The failed oscillator is similar to the symptoms described by Eric as reproduced in the experiment . “I put the iPhone 8 Plus in a sealed bag and filled it with helium. This was not very realistic, since those iPhones were exposed to lower concentrations, but the experiment still supports the idea that helium can disable the device. I left the display on and started the timer. After 8 minutes and 20 seconds, the phone is frozen. Nothing crazy happens - the clock just stops, that's all. The screen remains on. ”
I was able to repeat the experiment in our laboratory.
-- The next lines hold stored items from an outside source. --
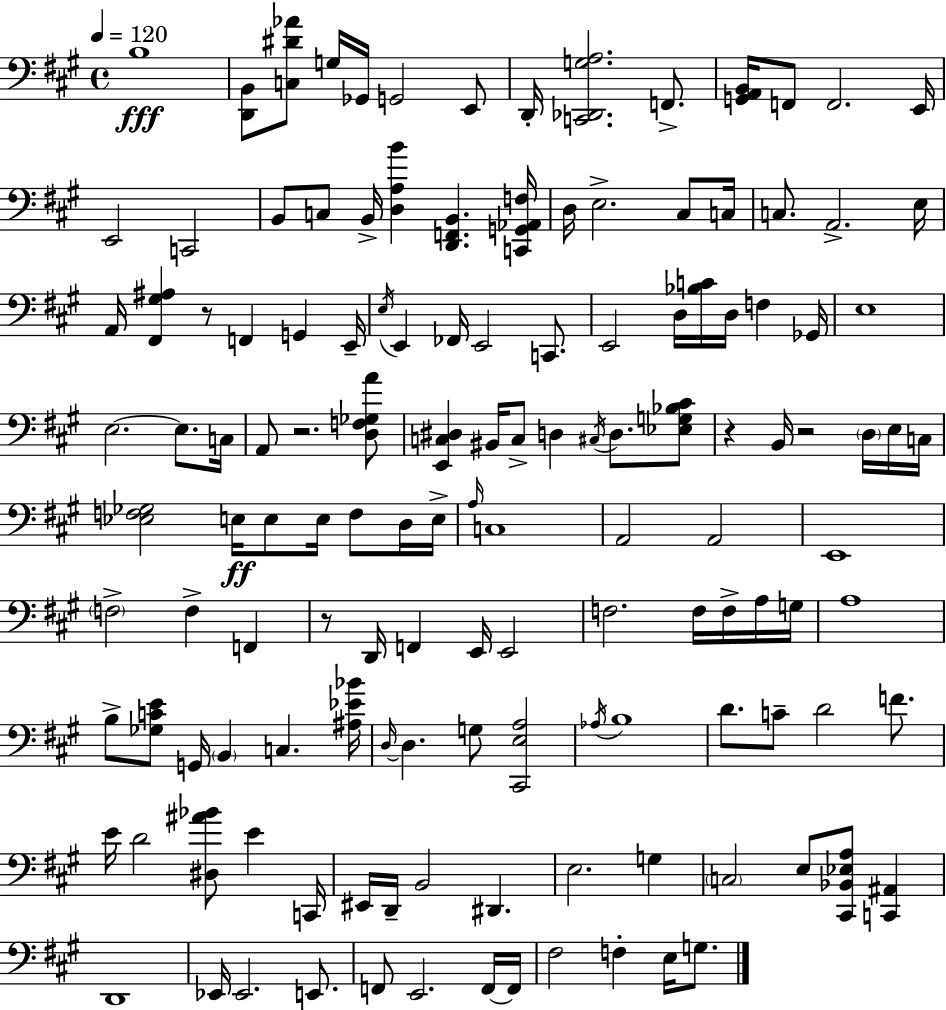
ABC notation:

X:1
T:Untitled
M:4/4
L:1/4
K:A
B,4 [D,,B,,]/2 [C,^D_A]/2 G,/4 _G,,/4 G,,2 E,,/2 D,,/4 [C,,_D,,G,A,]2 F,,/2 [G,,A,,B,,]/4 F,,/2 F,,2 E,,/4 E,,2 C,,2 B,,/2 C,/2 B,,/4 [D,A,B] [D,,F,,B,,] [C,,G,,_A,,F,]/4 D,/4 E,2 ^C,/2 C,/4 C,/2 A,,2 E,/4 A,,/4 [^F,,^G,^A,] z/2 F,, G,, E,,/4 E,/4 E,, _F,,/4 E,,2 C,,/2 E,,2 D,/4 [_B,C]/4 D,/4 F, _G,,/4 E,4 E,2 E,/2 C,/4 A,,/2 z2 [D,F,_G,A]/2 [E,,C,^D,] ^B,,/4 C,/2 D, ^C,/4 D,/2 [_E,G,_B,^C]/2 z B,,/4 z2 D,/4 E,/4 C,/4 [_E,F,_G,]2 E,/4 E,/2 E,/4 F,/2 D,/4 E,/4 A,/4 C,4 A,,2 A,,2 E,,4 F,2 F, F,, z/2 D,,/4 F,, E,,/4 E,,2 F,2 F,/4 F,/4 A,/4 G,/4 A,4 B,/2 [_G,CE]/2 G,,/4 B,, C, [^A,_E_B]/4 D,/4 D, G,/2 [^C,,E,A,]2 _A,/4 B,4 D/2 C/2 D2 F/2 E/4 D2 [^D,^A_B]/2 E C,,/4 ^E,,/4 D,,/4 B,,2 ^D,, E,2 G, C,2 E,/2 [^C,,_B,,_E,A,]/2 [C,,^A,,] D,,4 _E,,/4 _E,,2 E,,/2 F,,/2 E,,2 F,,/4 F,,/4 ^F,2 F, E,/4 G,/2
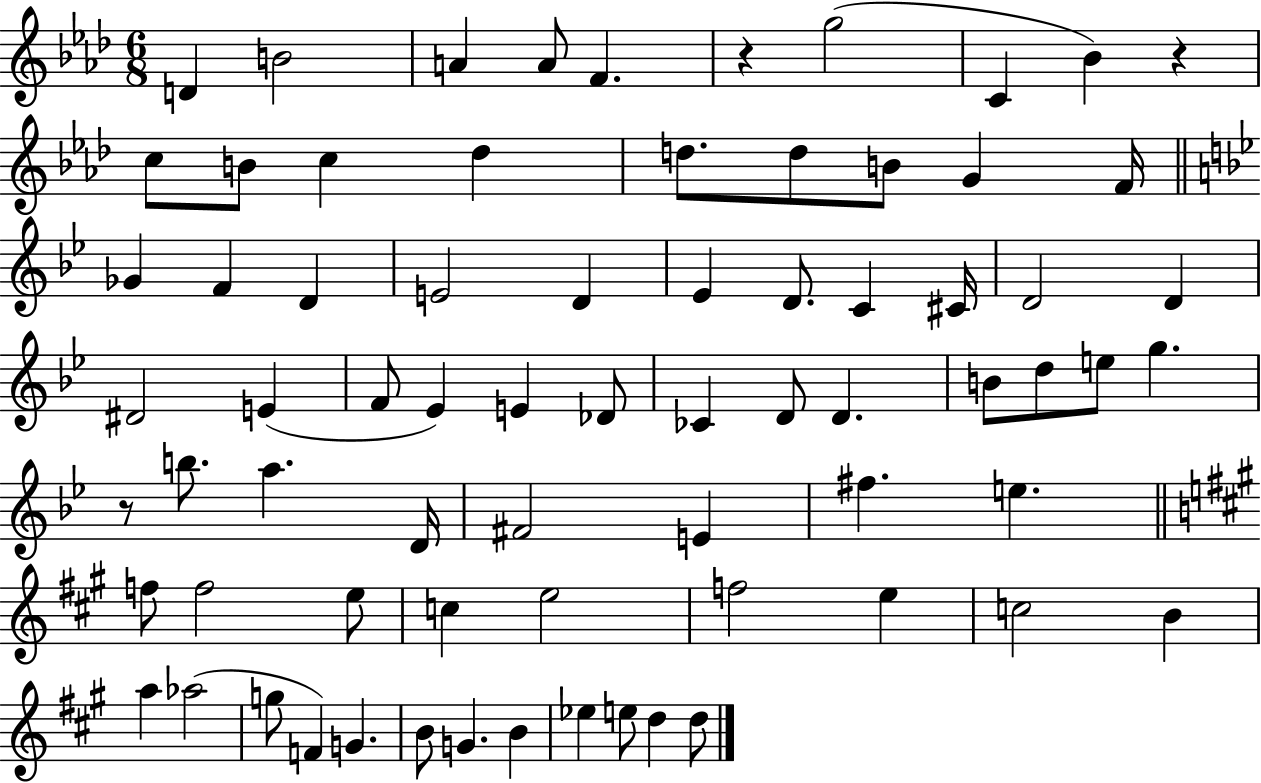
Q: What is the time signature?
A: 6/8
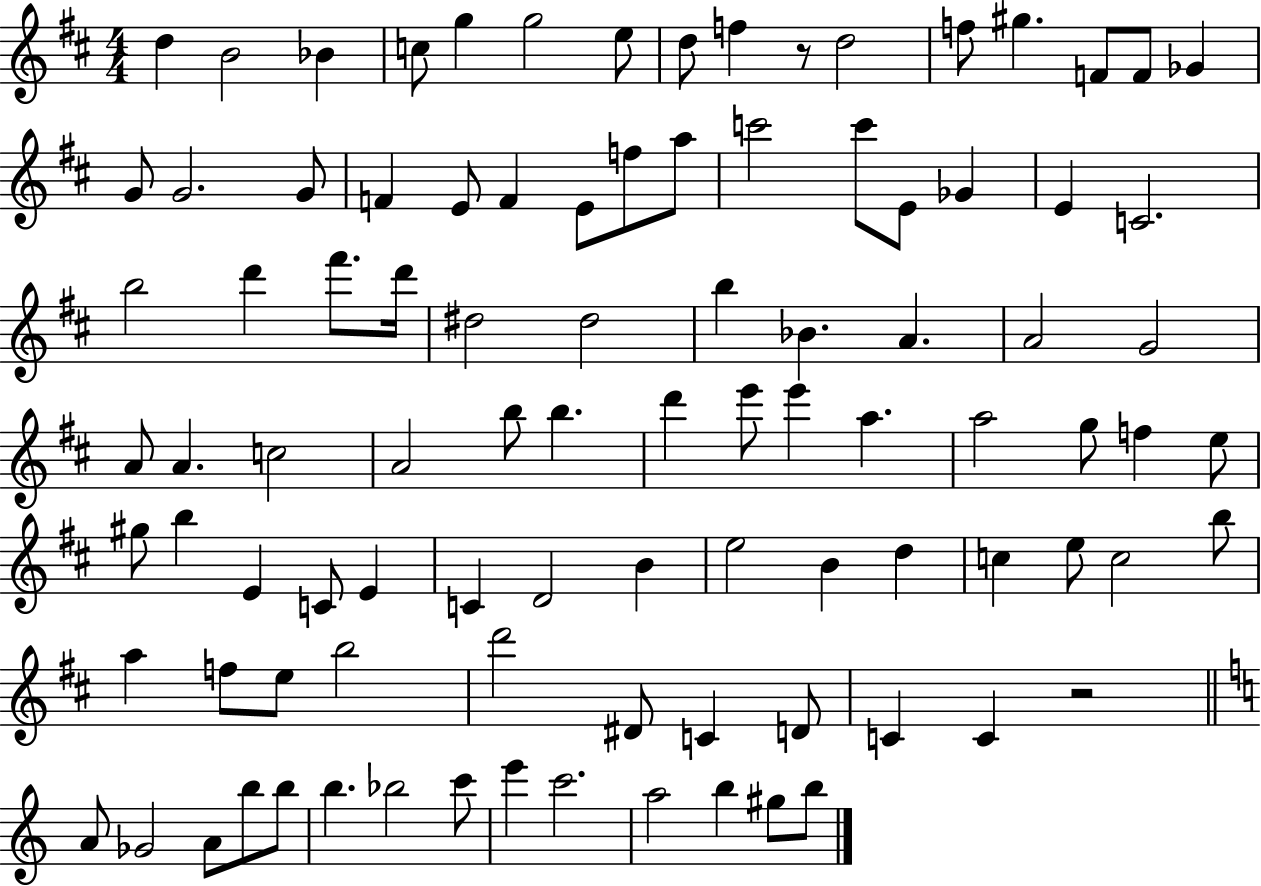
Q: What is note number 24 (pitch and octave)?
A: A5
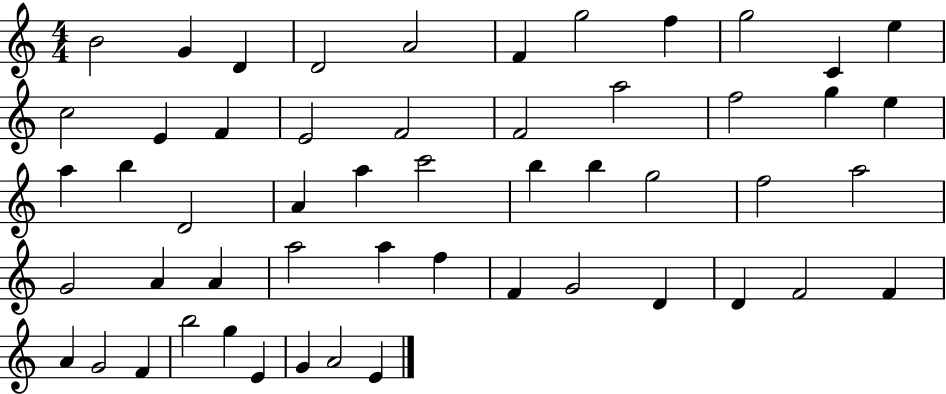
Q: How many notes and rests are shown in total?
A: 53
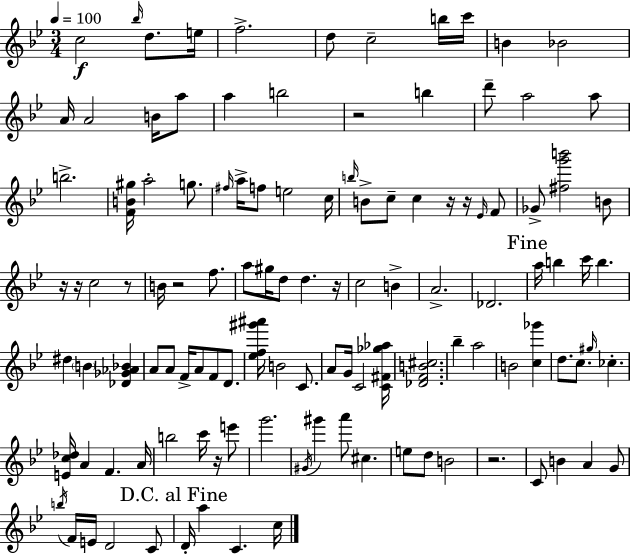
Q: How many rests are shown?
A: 10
My iPhone 8 lasted about 4 minutes in a helium atmosphere before completely shutting down.
The instructions for the phone and the clock from Apple reported a similar problem:
Do not expose the iPhone to environments containing high concentrations of industrial chemicals, and bring it to evaporating liquefied gases such as helium - this can damage or impair the performance of the phone. If your device has undergone such an impact and demonstrates such symptoms, or does not turn on, it can usually be restored. Leave it without connecting to the charging cable and let it air for a week. Helium must be completely removed from the device, and the battery must be completely discharged. After a week, connect the device directly to the charger and let it charge for an hour. Then you can turn on the phone again.
Hydrogen and helium are extremely difficult to retain due to the small size of their molecules. Apparently, SiTime has been working on this problem for quite a long time. In their FAQI found the following: “How efficient is the sealed enclosure of MEMS oscillators?”
The previous generations of EpiSeal resonators could be affected by high concentrations of gases with small molecules. More modern EpiSeal impermeable to all small molecular gases. Contact SiTime if you plan to use our device near large concentrations of small molecular gases so we can recommend a suitable part for you.
I wondered if gas would affect other types of MEMS devices, and I contacted InvenSense Motion, the company that produces the image stabilization chip for Pixel 3. David Almoslino, senior director of corporate marketing, confirmed the existence of such a problem. He told me that their products “may to some extent be exposed to helium. Helium can leak through the melt-connected substrates and increase the pressure in the cavities. Helium can temporarily degrade the absolute accuracy of our pressure sensors. In gyroscopes, helium can lead to imbalance, which is why the oscillations can temporarily stop. In accelerometers, helium can do little to harm. But all our products must be restored to working capacity after they are removed from the helium-rich environment. ”
Of course, you have never heard of this before because such situations occur quite rarely. However, manufacturers of silicon chips are well aware of this problem and are doing everything possible to minimize it. David told me that "helium leakage is a fairly standard test for MEMS, which most companies are conducting to evaluate leaktightness."
That's what's the matter! Helium molecules, like incredibly small grains of sand, can penetrate into the device, stop the clock, and temporarily turn your phone into a paperweight.